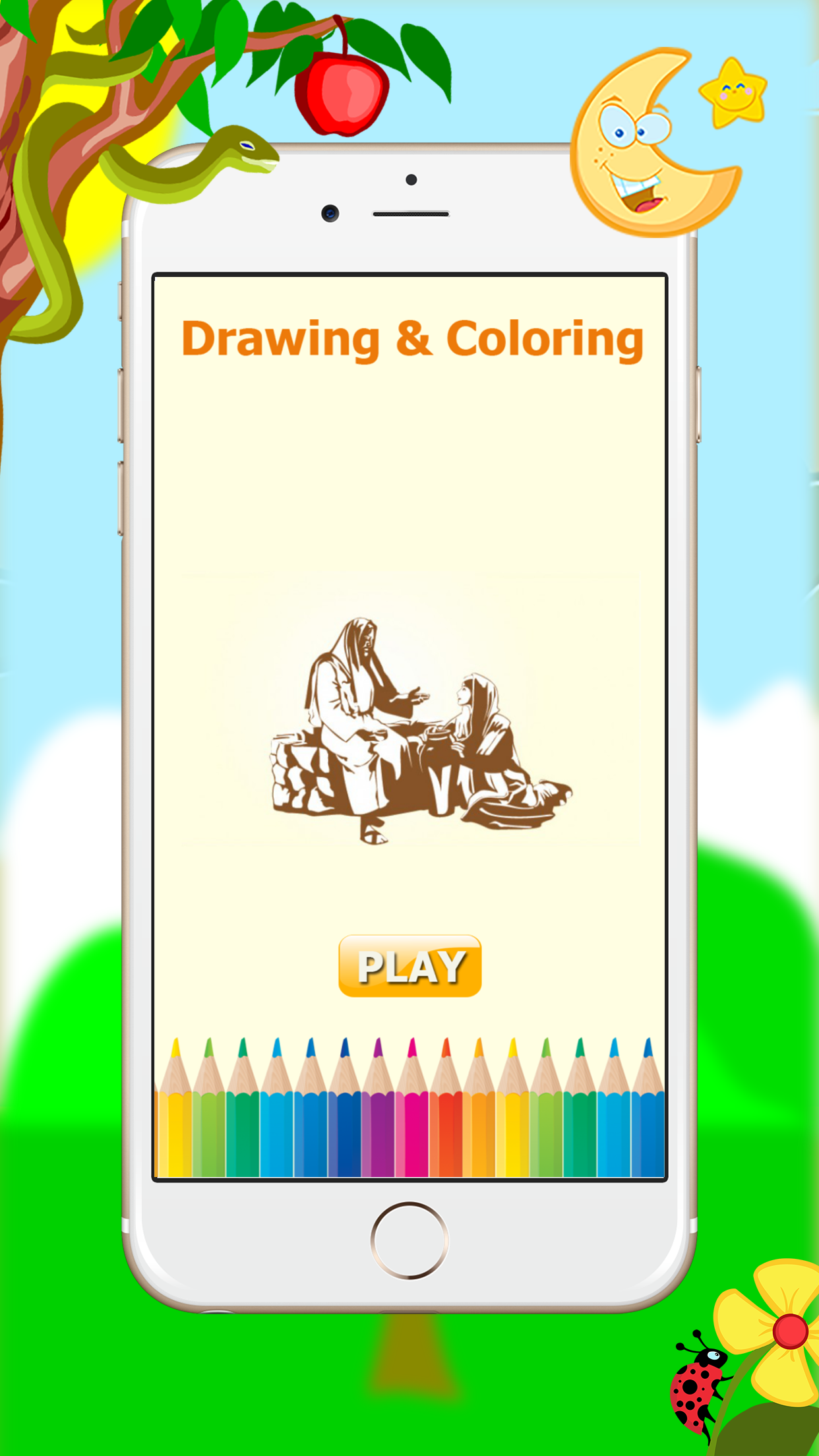 Bible Christ Coloring Book - Drawing and Paint For Kids screenshot 2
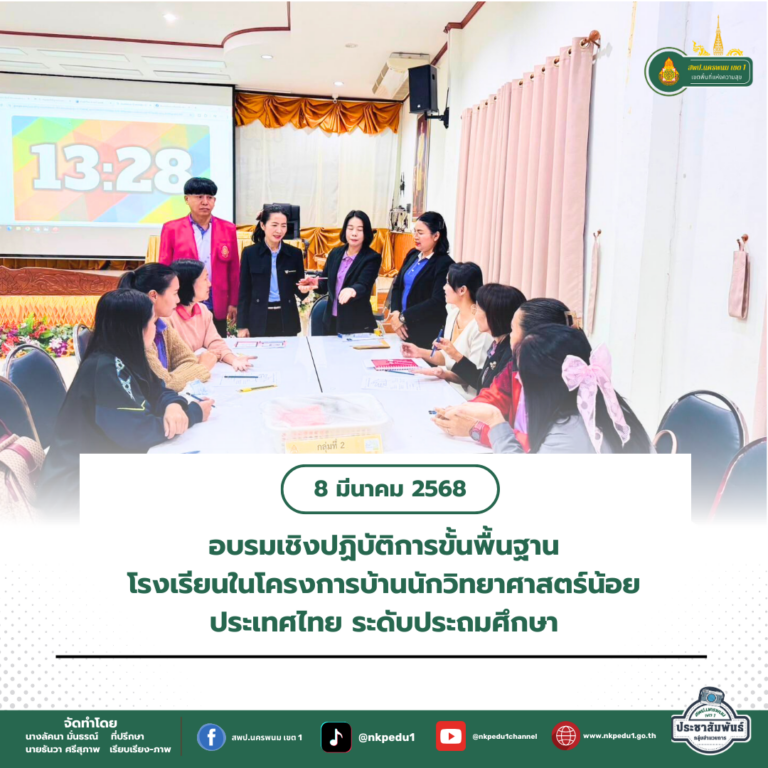 สำนักงานเขตพื้นที่การศึกษาประถมศึกษานครพนม เขต 1 12 1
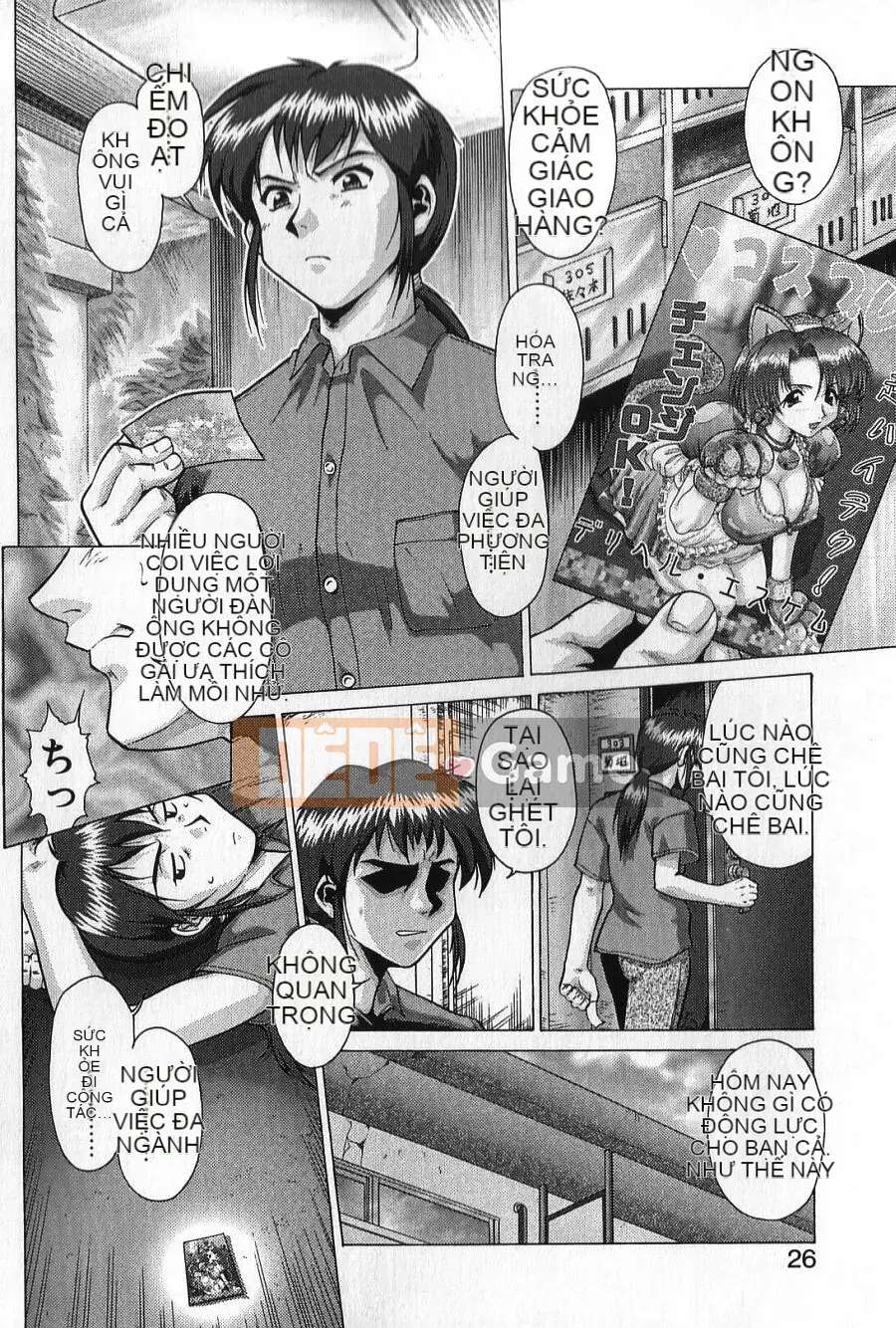 [Umedama Nabe] Chiến dịch mới Daisakusen TNG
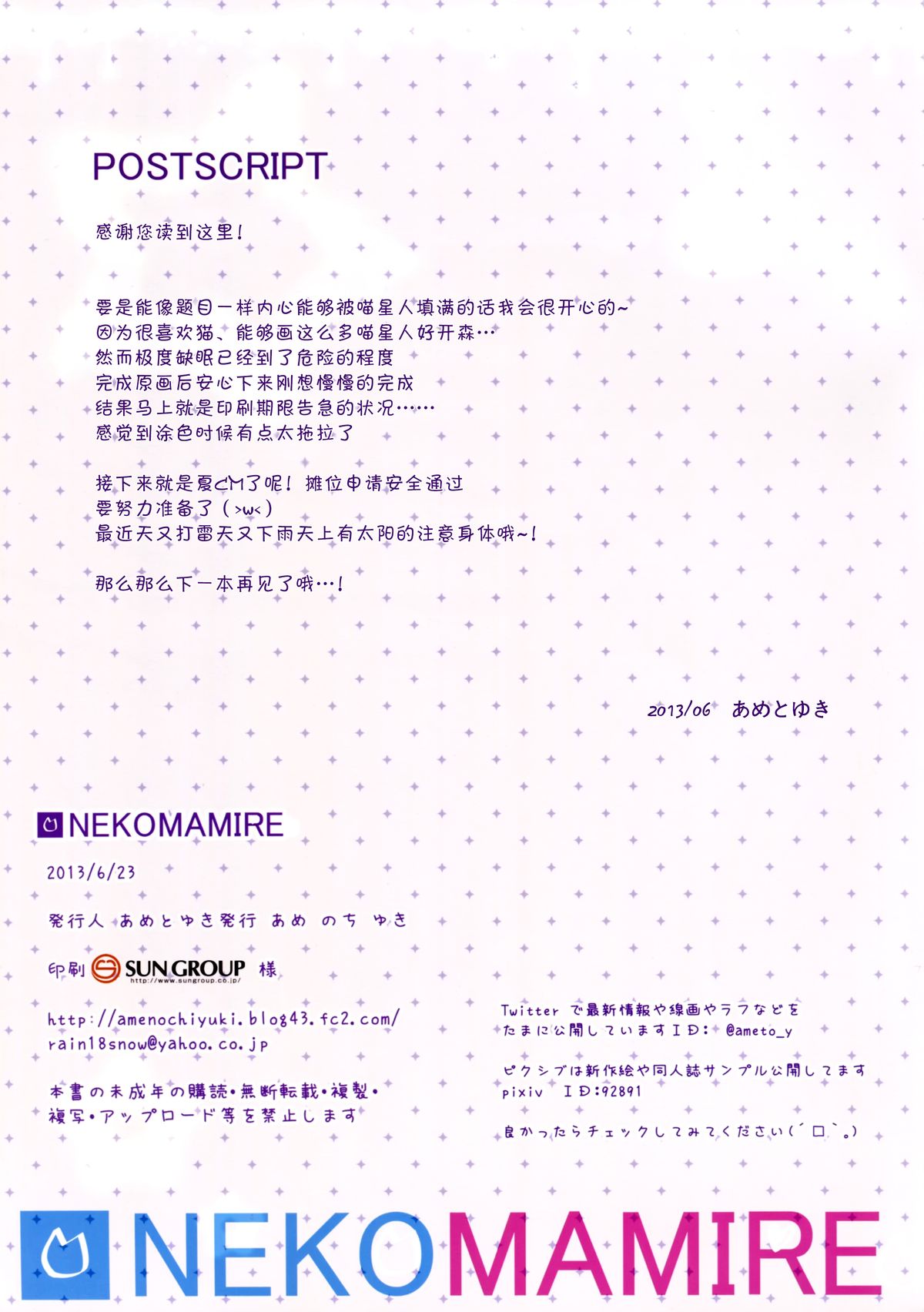 (SC60) [Ame nochi Yuki (Ameto Yuki)] NEKOMAMIRE [Chinese] [脸肿汉化组] page 15 full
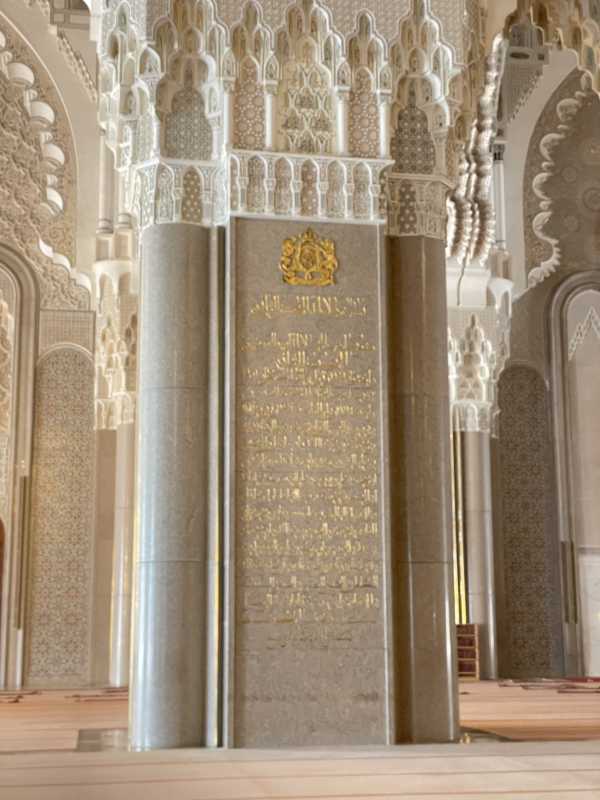 欧盟与摩洛哥就西撒哈拉商品达成贸易协定草案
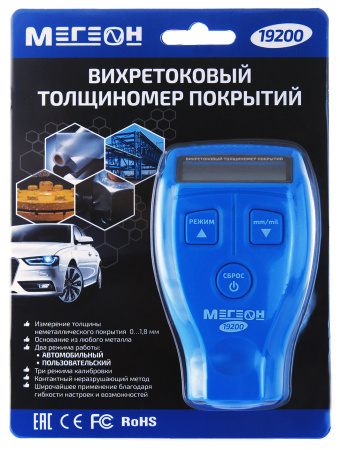 Толщиномер покрытий МЕГЕОН 19200 купить по низкой цене | МАКСПРОФИТ Толщиномер покрытий МЕГЕОН 19200 купить по низкой цене | МАКСПРОФИТ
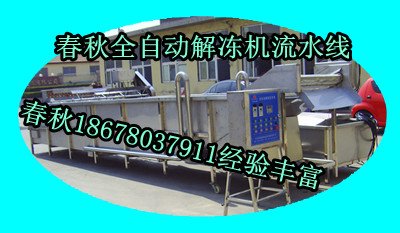 解凍機流水線春秋
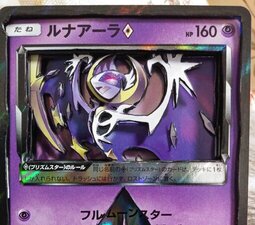 ルナアーラ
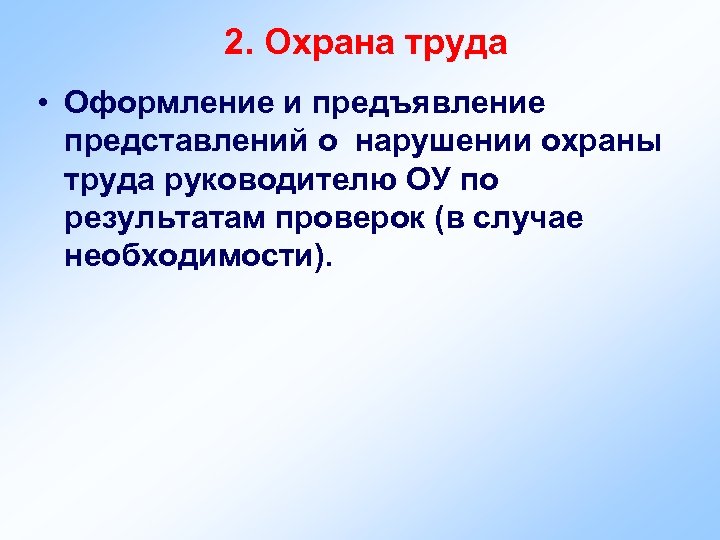 2. Охрана труда • Оформление и предъявление представлений о нарушении охраны труда руководителю ОУ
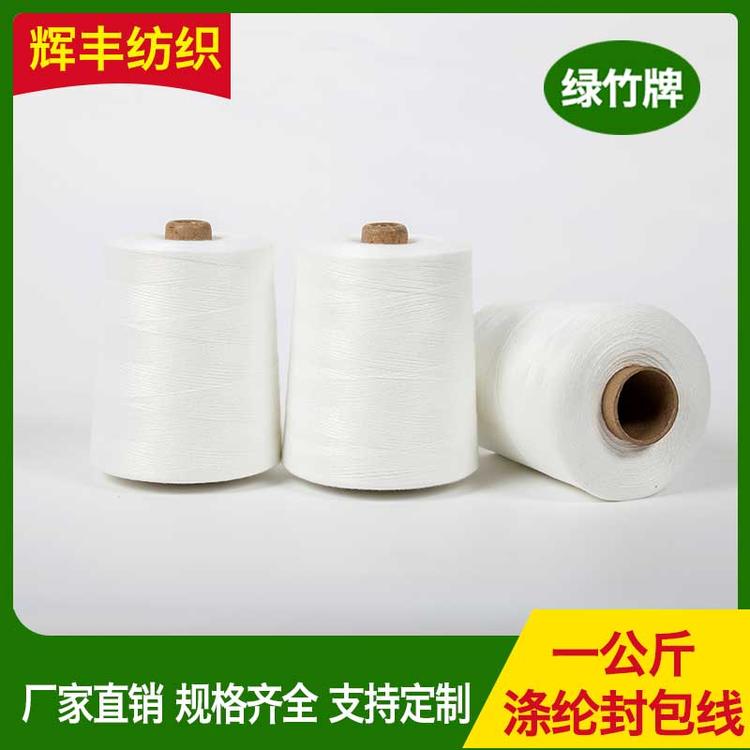 辉丰纺织 一公分涤纶封包线 快递封包线缝包线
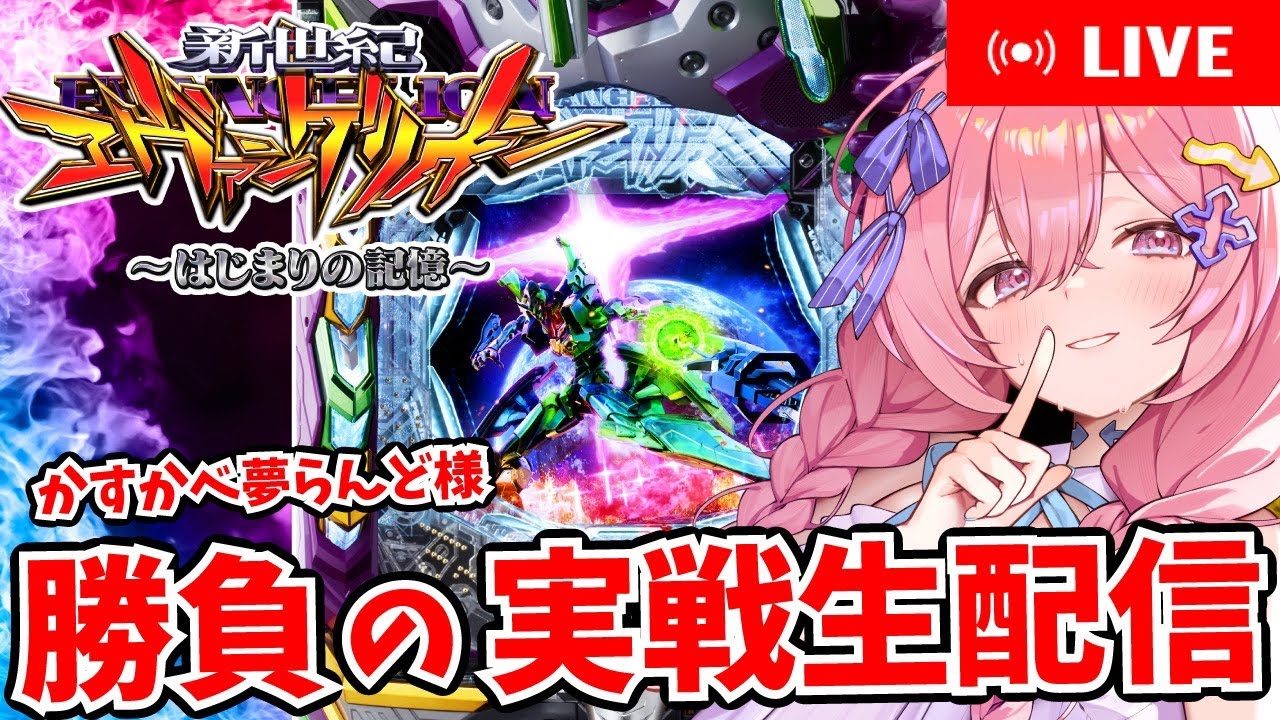 パチンコ生配信 】前半戦 5/12 かすかべ夢らんど様来店【 #新人vtuber 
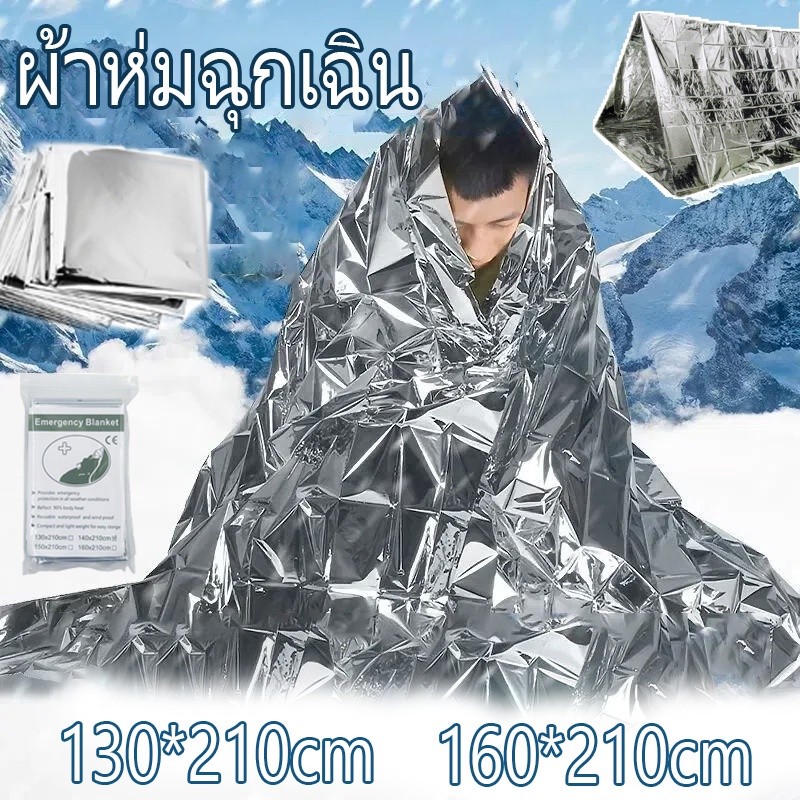 ผ้าห่มอวกาศ ผ้าห่มฉุกเฉิน สำหรับกลางแจ้ง 210x160cm ฟอยล์ กันน้ำกันลม กลางแจ้งฉุกเฉินผ้าห่มรอด กางเต้นท์ ผ้าห่ม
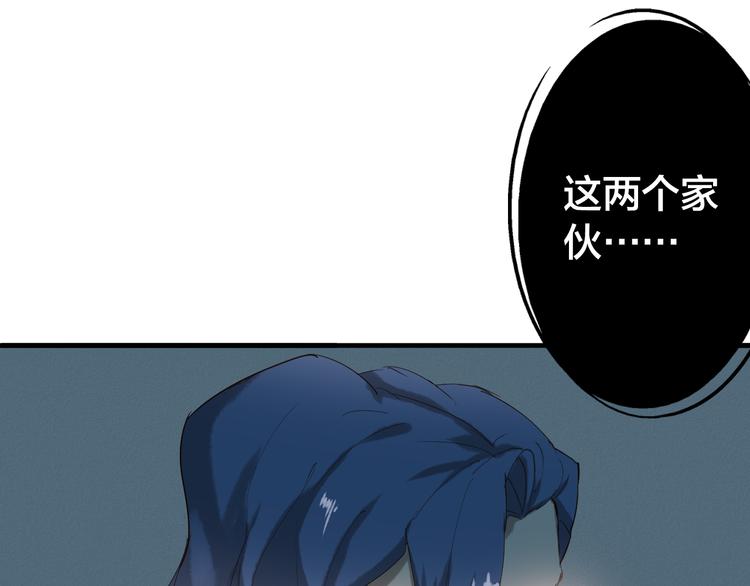 第18话 捕到老虎？57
══════════
What you return must match the entries above exactly, apart from the pictures, which are left out.

 Bible Christ Coloring Book - Drawing and Paint For Kids screenshot 2
 สำนักงานเขตพื้นที่การศึกษาประถมศึกษานครพนม เขต 1 12 1
 [Umedama Nabe] Chiến dịch mới Daisakusen TNG
 (SC60) [Ame nochi Yuki (Ameto Yuki)] NEKOMAMIRE [Chinese] [脸肿汉化组] page 15 full
 欧盟与摩洛哥就西撒哈拉商品达成贸易协定草案
 Толщиномер покрытий МЕГЕОН 19200 купить по низкой цене | МАКСПРОФИТ Толщиномер покрытий МЕГЕОН 19200 купить по низкой цене | МАКСПРОФИТ
 解凍機流水線春秋
 ルナアーラ
 2. Охрана труда • Оформление и предъявление представлений о нарушении охраны труда руководителю ОУ
 辉丰纺织 一公分涤纶封包线 快递封包线缝包线
 パチンコ生配信 】前半戦 5/12 かすかべ夢らんど様来店【 #新人vtuber 
 ผ้าห่มอวกาศ ผ้าห่มฉุกเฉิน สำหรับกลางแจ้ง 210x160cm ฟอยล์ กันน้ำกันลม กลางแจ้งฉุกเฉินผ้าห่มรอด กางเต้นท์ ผ้าห่ม
 第18话 捕到老虎？57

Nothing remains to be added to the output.